Wayne Peters, chairman of Peters Macgregor Capital Management and a shareholder in JD.com, said that investment is an incredibly valuable asset for the company’s future.
“Richard under-promises and over-delivers,” said Peters. “What we like are CEOs who look to the long term. We’re more interested in that than those who are just interested in beating the street. ”
Liu’s high-spending strategy also has plenty of detractors, especially those who see unfinished business in China. JD’s share price hit a record high in January only to tumble more than 35 per cent since then after failing to deliver the full-year profit that many analysts had expected. In the June quarter alone, the company had a net loss of 2.2 billion yuan.
Kok Hoi Wong, the chief investment officer for APS Asset Management Pte in Singapore, points to the massive profits generated by Alibaba and its willingness to throw cash at winning over Chinese consumers as proof that competition is getting harder for JD.
“JD must get its act right in China, turn it around and make it profitable before it expands internationally,” said Wong, a frequent critic of the company. Brutal competition among hundreds of e-commerce players means business is tough for all online retailers and “we will see more blood before we see more profit.” he said.
JD’s business model is more akin to Amazon than Alibaba. It holds and sells its own inventory and also allows other vendors on its platform while its larger Chinese rival provides a marketplace for merchants and makes most of its money from advertising and marketing services.
Liu expects some changes to his business as it goes overseas, accepting the need for different models. Simply replicating its China strategy and launching a service in a foreign country won’t work.
“If we want to convince American consumers to download JD’s app and buy, I think it will be hard.
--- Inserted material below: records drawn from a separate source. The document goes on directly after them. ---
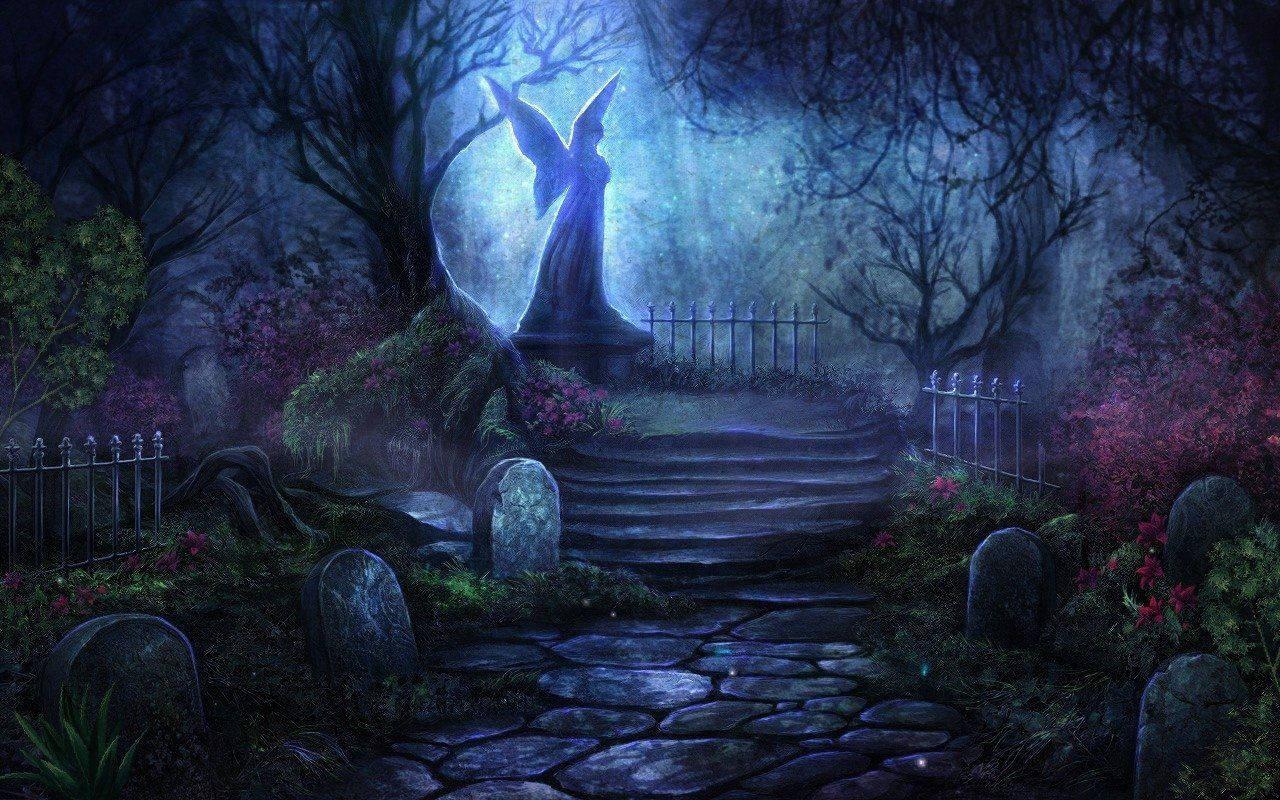 1280x800 Download Enchanted Graveyard With Fairy Statue Wallpaper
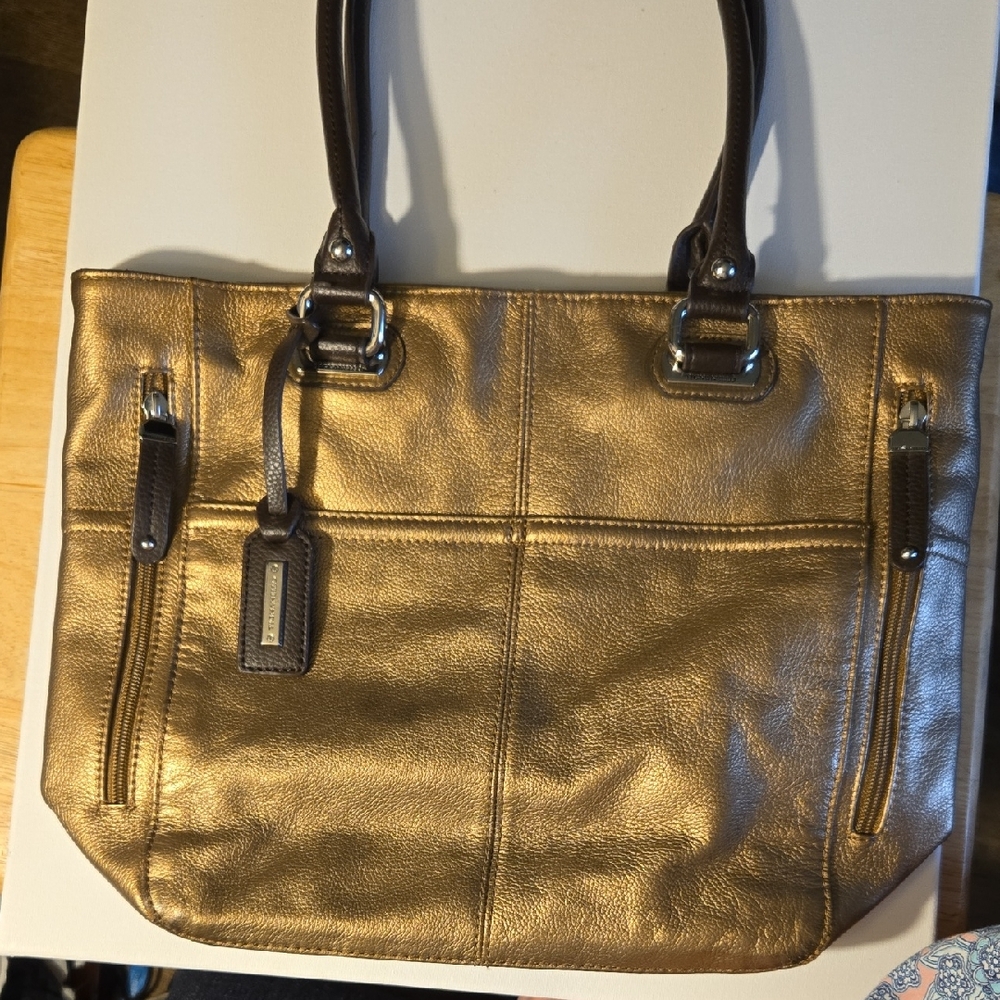 Tignanello Metallic Gold Tote Bag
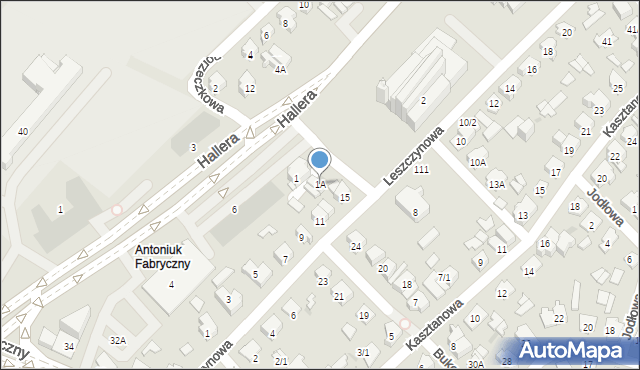 Białystok, św. Kazimierza, 1A, mapa Białegostoku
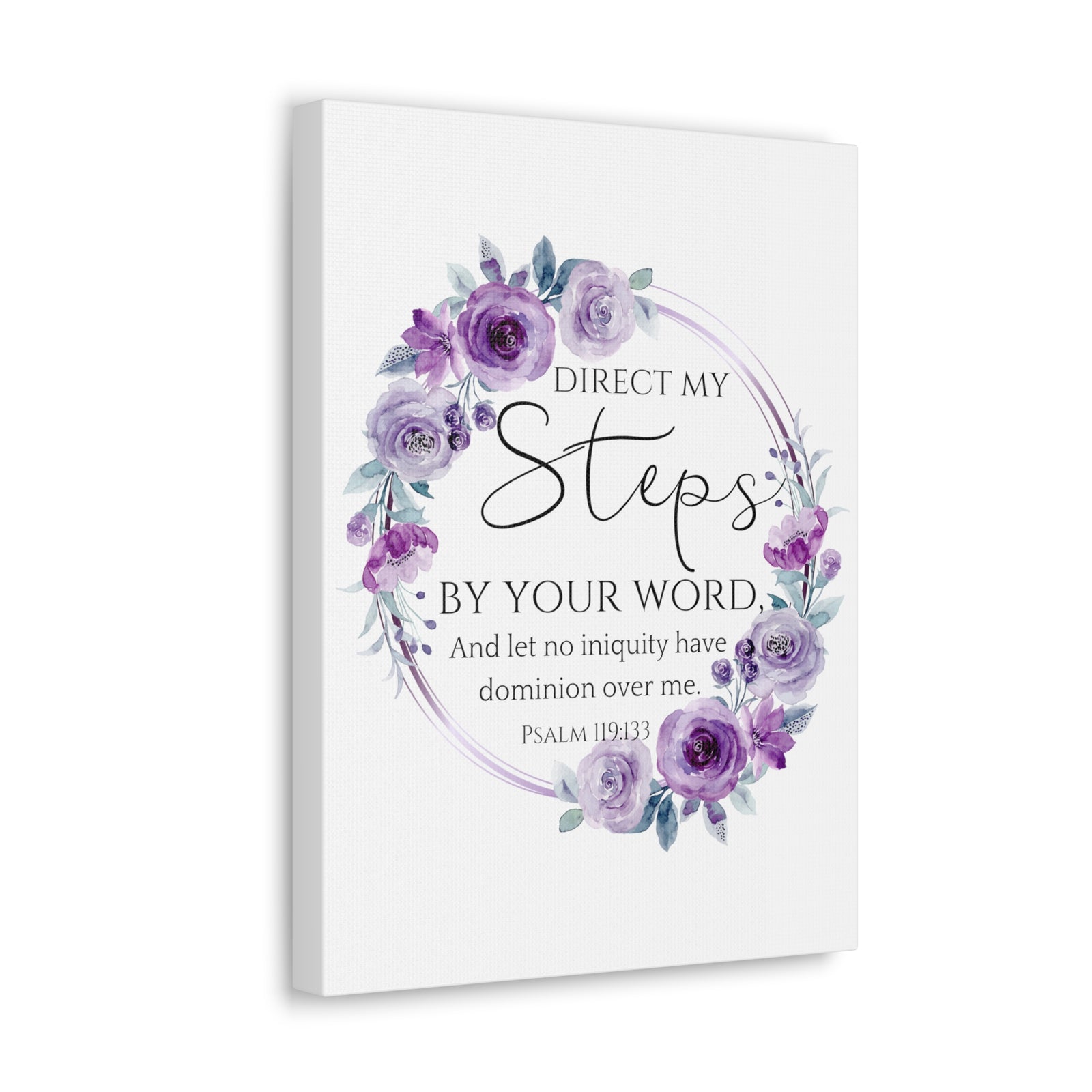 Scripture Walls Psalm 119:133 Direct My Steps Bible Verse Canvas Christian Wall Art Ready to Hang Unframed-Express Your Love Gifts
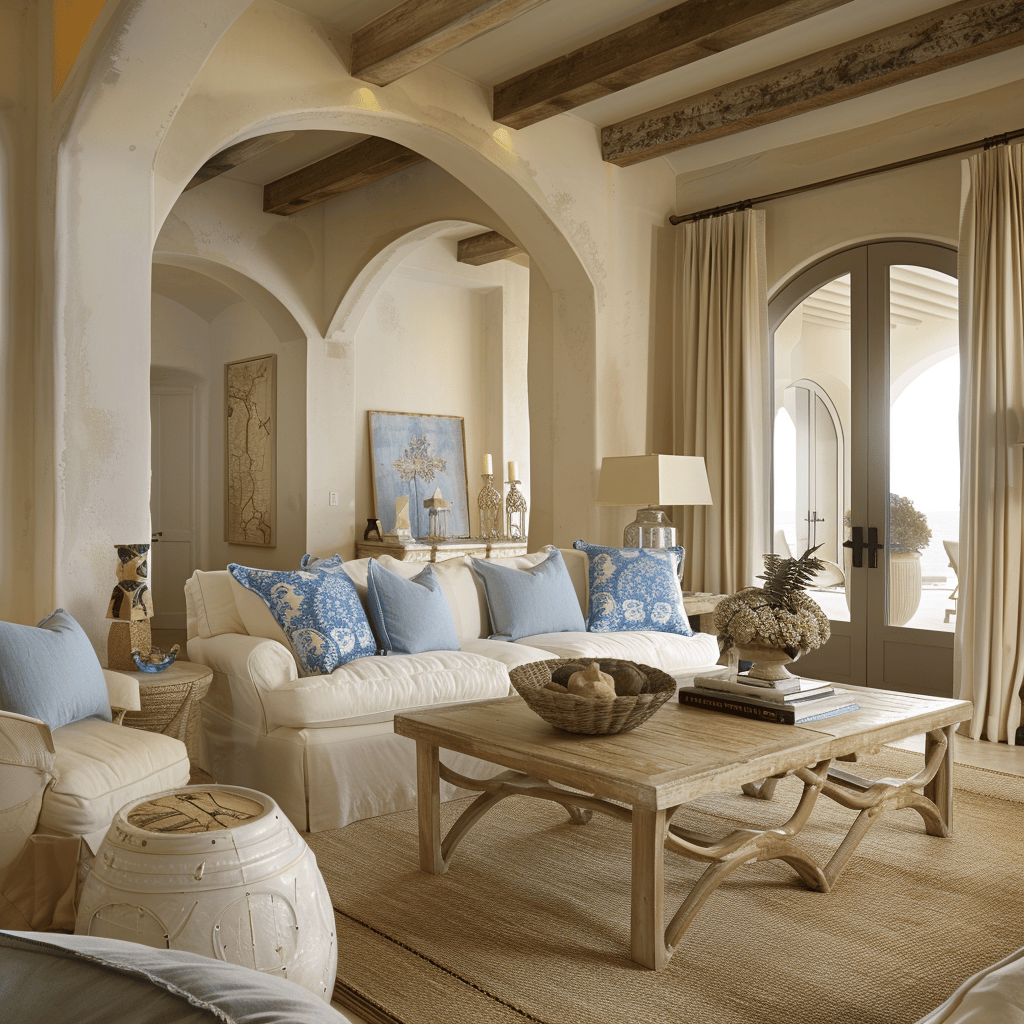 Inviting Mediterranean living room with a focus on the allure of coastal inspired design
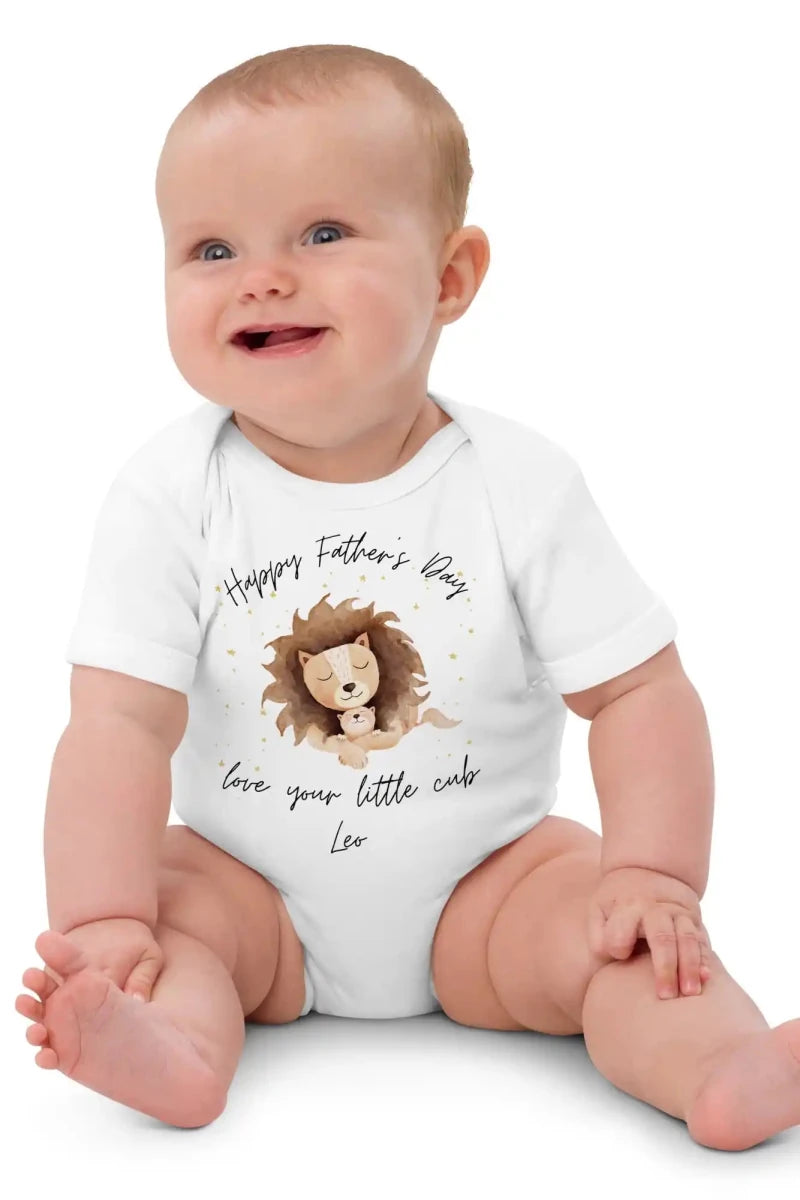 Happy Father's Day (Personalised Lion Bodysuit) - Cozy Crew Club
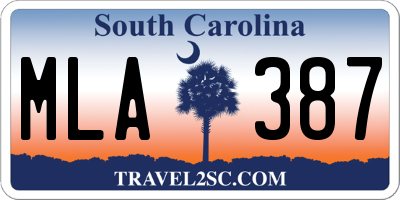 SC license plate MLA387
But the good thing is US has Twitter, Instagram and Facebook – a lot of social media,” said Liu, adding he wants to partner with those social networks in particular.
Liu knows the value of an online platform: WeChat operator Tencent Holdings Ltd. is its biggest shareholder.
Liu is in the process of opening more offices and adding warehouses across Western Europe and will form a strategy for selling products in the region this year, Liu recently told German publication Handelsblatt. Within two years JD will cover all of Southeast Asia, he added.
At home, JD has a goal of 1 million convenience stores within five years largely via a franchise model. But the founder said he also wanted 30 7Fresh supermarkets completed by the end of 2018 and that it will also expand into JD-branded furniture, electronics and home appliances chain stores with names like “JD Home.”
But it’s a vision Liu knows will take some time to build.
“We will spend another 10 or maybe 20 years to expand to the whole world. So you cannot achieve a goal within three years or five years,” he said, adding that he thought JD was a better bet than Alibaba. “From an investor perspective it is – more space for tomorrow.”